[Dataset items]
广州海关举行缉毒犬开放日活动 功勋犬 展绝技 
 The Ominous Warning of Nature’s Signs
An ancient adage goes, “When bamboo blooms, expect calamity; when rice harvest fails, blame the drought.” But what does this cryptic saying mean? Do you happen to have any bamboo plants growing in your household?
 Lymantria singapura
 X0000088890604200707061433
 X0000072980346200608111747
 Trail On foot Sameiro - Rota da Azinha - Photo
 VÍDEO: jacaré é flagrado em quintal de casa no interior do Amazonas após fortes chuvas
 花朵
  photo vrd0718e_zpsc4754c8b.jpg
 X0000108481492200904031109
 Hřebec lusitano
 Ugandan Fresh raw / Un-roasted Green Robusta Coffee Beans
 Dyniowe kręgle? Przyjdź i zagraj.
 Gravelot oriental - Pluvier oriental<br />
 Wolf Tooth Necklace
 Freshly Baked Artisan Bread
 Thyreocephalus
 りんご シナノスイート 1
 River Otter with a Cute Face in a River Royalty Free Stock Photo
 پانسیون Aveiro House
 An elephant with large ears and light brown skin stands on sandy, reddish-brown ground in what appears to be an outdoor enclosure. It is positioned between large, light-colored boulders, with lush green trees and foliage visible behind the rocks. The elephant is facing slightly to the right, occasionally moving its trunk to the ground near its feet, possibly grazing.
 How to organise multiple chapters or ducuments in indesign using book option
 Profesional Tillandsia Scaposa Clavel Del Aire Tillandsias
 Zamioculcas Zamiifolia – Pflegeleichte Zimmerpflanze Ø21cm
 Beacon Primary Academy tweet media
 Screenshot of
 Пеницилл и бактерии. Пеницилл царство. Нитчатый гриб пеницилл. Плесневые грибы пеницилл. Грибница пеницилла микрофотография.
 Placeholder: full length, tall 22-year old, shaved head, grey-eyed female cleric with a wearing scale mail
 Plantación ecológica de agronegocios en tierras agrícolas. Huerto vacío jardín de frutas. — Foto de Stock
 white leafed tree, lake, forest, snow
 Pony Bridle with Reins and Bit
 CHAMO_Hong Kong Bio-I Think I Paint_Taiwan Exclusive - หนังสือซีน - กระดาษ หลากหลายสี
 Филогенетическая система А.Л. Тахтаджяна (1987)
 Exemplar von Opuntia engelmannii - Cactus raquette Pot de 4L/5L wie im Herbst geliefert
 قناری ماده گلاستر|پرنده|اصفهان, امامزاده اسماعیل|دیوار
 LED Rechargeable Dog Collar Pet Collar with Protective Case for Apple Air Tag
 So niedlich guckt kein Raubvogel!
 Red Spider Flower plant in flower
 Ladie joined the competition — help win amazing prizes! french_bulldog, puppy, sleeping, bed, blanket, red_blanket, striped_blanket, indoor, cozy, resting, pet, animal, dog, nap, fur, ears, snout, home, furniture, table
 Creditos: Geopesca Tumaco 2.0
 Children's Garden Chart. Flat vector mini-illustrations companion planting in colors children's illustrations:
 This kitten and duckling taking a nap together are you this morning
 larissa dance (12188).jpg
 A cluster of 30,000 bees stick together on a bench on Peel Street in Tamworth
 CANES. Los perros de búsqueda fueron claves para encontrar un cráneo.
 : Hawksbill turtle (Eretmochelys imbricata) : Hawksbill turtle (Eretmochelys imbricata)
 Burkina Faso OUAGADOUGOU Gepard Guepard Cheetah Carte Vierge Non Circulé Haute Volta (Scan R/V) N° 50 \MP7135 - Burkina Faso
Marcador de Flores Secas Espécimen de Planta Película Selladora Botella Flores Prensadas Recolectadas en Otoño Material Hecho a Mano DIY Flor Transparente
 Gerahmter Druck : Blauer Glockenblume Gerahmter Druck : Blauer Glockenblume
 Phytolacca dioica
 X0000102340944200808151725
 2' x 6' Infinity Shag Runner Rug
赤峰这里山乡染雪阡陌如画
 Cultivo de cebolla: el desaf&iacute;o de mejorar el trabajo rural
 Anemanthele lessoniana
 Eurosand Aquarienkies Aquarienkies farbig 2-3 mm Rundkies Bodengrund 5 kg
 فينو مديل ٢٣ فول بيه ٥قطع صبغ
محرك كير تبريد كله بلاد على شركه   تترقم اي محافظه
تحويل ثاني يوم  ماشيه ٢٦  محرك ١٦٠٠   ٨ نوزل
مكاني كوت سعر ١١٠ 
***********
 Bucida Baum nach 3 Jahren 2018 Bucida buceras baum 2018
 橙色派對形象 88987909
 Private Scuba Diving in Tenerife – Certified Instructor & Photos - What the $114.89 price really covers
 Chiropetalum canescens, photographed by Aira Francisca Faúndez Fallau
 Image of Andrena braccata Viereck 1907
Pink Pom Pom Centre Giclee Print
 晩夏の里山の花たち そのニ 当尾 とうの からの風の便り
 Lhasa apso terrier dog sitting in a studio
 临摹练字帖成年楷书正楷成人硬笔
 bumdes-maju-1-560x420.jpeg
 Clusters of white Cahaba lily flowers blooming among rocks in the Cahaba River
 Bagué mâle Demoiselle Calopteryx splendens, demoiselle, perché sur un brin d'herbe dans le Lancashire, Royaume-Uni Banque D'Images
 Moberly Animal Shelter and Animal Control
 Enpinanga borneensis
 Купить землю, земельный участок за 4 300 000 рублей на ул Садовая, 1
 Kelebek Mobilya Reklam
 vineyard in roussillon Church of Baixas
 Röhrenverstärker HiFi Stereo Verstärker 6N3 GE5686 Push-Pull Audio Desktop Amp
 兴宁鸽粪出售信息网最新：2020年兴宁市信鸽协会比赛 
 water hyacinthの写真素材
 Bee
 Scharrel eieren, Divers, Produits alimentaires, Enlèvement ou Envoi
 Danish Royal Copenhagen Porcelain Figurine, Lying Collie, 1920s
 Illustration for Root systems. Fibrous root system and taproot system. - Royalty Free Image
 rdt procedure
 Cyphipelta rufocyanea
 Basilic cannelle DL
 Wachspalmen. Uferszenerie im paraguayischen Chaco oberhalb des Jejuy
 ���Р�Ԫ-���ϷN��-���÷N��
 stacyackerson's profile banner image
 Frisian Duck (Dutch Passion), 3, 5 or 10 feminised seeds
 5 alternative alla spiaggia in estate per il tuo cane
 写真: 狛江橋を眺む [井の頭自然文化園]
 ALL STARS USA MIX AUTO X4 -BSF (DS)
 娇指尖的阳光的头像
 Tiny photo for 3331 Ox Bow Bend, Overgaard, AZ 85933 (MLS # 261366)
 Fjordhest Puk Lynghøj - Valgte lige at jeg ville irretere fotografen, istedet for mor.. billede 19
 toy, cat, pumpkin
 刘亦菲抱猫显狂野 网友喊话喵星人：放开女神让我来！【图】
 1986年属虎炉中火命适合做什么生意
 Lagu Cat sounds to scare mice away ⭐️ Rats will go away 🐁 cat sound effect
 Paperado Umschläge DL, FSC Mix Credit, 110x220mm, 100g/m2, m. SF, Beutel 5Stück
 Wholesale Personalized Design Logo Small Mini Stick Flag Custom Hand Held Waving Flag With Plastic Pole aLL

# TASK TO CARRY OUT
Exactly as they appear above, transcribe the records in full.

# WRITTEN REPLY
广州海关举行缉毒犬开放日活动 功勋犬 展绝技 
 The Ominous Warning of Nature’s Signs
An ancient adage goes, “When bamboo blooms, expect calamity; when rice harvest fails, blame the drought.” But what does this cryptic saying mean? Do you happen to have any bamboo plants growing in your household?
 Lymantria singapura
 X0000088890604200707061433
 X0000072980346200608111747
 Trail On foot Sameiro - Rota da Azinha - Photo
 VÍDEO: jacaré é flagrado em quintal de casa no interior do Amazonas após fortes chuvas
 花朵
  photo vrd0718e_zpsc4754c8b.jpg
 X0000108481492200904031109
 Hřebec lusitano
 Ugandan Fresh raw / Un-roasted Green Robusta Coffee Beans
 Dyniowe kręgle? Przyjdź i zagraj.
 Gravelot oriental - Pluvier oriental<br />
 Wolf Tooth Necklace
 Freshly Baked Artisan Bread
 Thyreocephalus
 りんご シナノスイート 1
 River Otter with a Cute Face in a River Royalty Free Stock Photo
 پانسیون Aveiro House
 An elephant with large ears and light brown skin stands on sandy, reddish-brown ground in what appears to be an outdoor enclosure. It is positioned between large, light-colored boulders, with lush green trees and foliage visible behind the rocks. The elephant is facing slightly to the right, occasionally moving its trunk to the ground near its feet, possibly grazing.
 How to organise multiple chapters or ducuments in indesign using book option
 Profesional Tillandsia Scaposa Clavel Del Aire Tillandsias
 Zamioculcas Zamiifolia – Pflegeleichte Zimmerpflanze Ø21cm
 Beacon Primary Academy tweet media
 Screenshot of
 Пеницилл и бактерии. Пеницилл царство. Нитчатый гриб пеницилл. Плесневые грибы пеницилл. Грибница пеницилла микрофотография.
 Placeholder: full length, tall 22-year old, shaved head, grey-eyed female cleric with a wearing scale mail
 Plantación ecológica de agronegocios en tierras agrícolas. Huerto vacío jardín de frutas. — Foto de Stock
 white leafed tree, lake, forest, snow
 Pony Bridle with Reins and Bit
 CHAMO_Hong Kong Bio-I Think I Paint_Taiwan Exclusive - หนังสือซีน - กระดาษ หลากหลายสี
 Филогенетическая система А.Л. Тахтаджяна (1987)
 Exemplar von Opuntia engelmannii - Cactus raquette Pot de 4L/5L wie im Herbst geliefert
 قناری ماده گلاستر|پرنده|اصفهان, امامزاده اسماعیل|دیوار
 LED Rechargeable Dog Collar Pet Collar with Protective Case for Apple Air Tag
 So niedlich guckt kein Raubvogel!
 Red Spider Flower plant in flower
 Ladie joined the competition — help win amazing prizes! french_bulldog, puppy, sleeping, bed, blanket, red_blanket, striped_blanket, indoor, cozy, resting, pet, animal, dog, nap, fur, ears, snout, home, furniture, table
 Creditos: Geopesca Tumaco 2.0
 Children's Garden Chart. Flat vector mini-illustrations companion planting in colors children's illustrations:
 This kitten and duckling taking a nap together are you this morning
 larissa dance (12188).jpg
 A cluster of 30,000 bees stick together on a bench on Peel Street in Tamworth
 CANES. Los perros de búsqueda fueron claves para encontrar un cráneo.
 : Hawksbill turtle (Eretmochelys imbricata) : Hawksbill turtle (Eretmochelys imbricata)
 Burkina Faso OUAGADOUGOU Gepard Guepard Cheetah Carte Vierge Non Circulé Haute Volta (Scan R/V) N° 50 \MP7135 - Burkina Faso
Marcador de Flores Secas Espécimen de Planta Película Selladora Botella Flores Prensadas Recolectadas en Otoño Material Hecho a Mano DIY Flor Transparente
 Gerahmter Druck : Blauer Glockenblume Gerahmter Druck : Blauer Glockenblume
 Phytolacca dioica
 X0000102340944200808151725
 2' x 6' Infinity Shag Runner Rug
赤峰这里山乡染雪阡陌如画
 Cultivo de cebolla: el desaf&iacute;o de mejorar el trabajo rural
 Anemanthele lessoniana
 Eurosand Aquarienkies Aquarienkies farbig 2-3 mm Rundkies Bodengrund 5 kg
 فينو مديل ٢٣ فول بيه ٥قطع صبغ
محرك كير تبريد كله بلاد على شركه   تترقم اي محافظه
تحويل ثاني يوم  ماشيه ٢٦  محرك ١٦٠٠   ٨ نوزل
مكاني كوت سعر ١١٠ 
***********
 Bucida Baum nach 3 Jahren 2018 Bucida buceras baum 2018
 橙色派對形象 88987909
 Private Scuba Diving in Tenerife – Certified Instructor & Photos - What the $114.89 price really covers
 Chiropetalum canescens, photographed by Aira Francisca Faúndez Fallau
 Image of Andrena braccata Viereck 1907
Pink Pom Pom Centre Giclee Print
 晩夏の里山の花たち そのニ 当尾 とうの からの風の便り
 Lhasa apso terrier dog sitting in a studio
 临摹练字帖成年楷书正楷成人硬笔
 bumdes-maju-1-560x420.jpeg
 Clusters of white Cahaba lily flowers blooming among rocks in the Cahaba River
 Bagué mâle Demoiselle Calopteryx splendens, demoiselle, perché sur un brin d'herbe dans le Lancashire, Royaume-Uni Banque D'Images
 Moberly Animal Shelter and Animal Control
 Enpinanga borneensis
 Купить землю, земельный участок за 4 300 000 рублей на ул Садовая, 1
 Kelebek Mobilya Reklam
 vineyard in roussillon Church of Baixas
 Röhrenverstärker HiFi Stereo Verstärker 6N3 GE5686 Push-Pull Audio Desktop Amp
 兴宁鸽粪出售信息网最新：2020年兴宁市信鸽协会比赛 
 water hyacinthの写真素材
 Bee
 Scharrel eieren, Divers, Produits alimentaires, Enlèvement ou Envoi
 Danish Royal Copenhagen Porcelain Figurine, Lying Collie, 1920s
 Illustration for Root systems. Fibrous root system and taproot system. - Royalty Free Image
 rdt procedure
 Cyphipelta rufocyanea
 Basilic cannelle DL
 Wachspalmen. Uferszenerie im paraguayischen Chaco oberhalb des Jejuy
 ���Р�Ԫ-���ϷN��-���÷N��
 stacyackerson's profile banner image
 Frisian Duck (Dutch Passion), 3, 5 or 10 feminised seeds
 5 alternative alla spiaggia in estate per il tuo cane
 写真: 狛江橋を眺む [井の頭自然文化園]
 ALL STARS USA MIX AUTO X4 -BSF (DS)
 娇指尖的阳光的头像
 Tiny photo for 3331 Ox Bow Bend, Overgaard, AZ 85933 (MLS # 261366)
 Fjordhest Puk Lynghøj - Valgte lige at jeg ville irretere fotografen, istedet for mor.. billede 19
 toy, cat, pumpkin
 刘亦菲抱猫显狂野 网友喊话喵星人：放开女神让我来！【图】
 1986年属虎炉中火命适合做什么生意
 Lagu Cat sounds to scare mice away ⭐️ Rats will go away 🐁 cat sound effect
 Paperado Umschläge DL, FSC Mix Credit, 110x220mm, 100g/m2, m. SF, Beutel 5Stück
 Wholesale Personalized Design Logo Small Mini Stick Flag Custom Hand Held Waving Flag With Plastic Pole aLL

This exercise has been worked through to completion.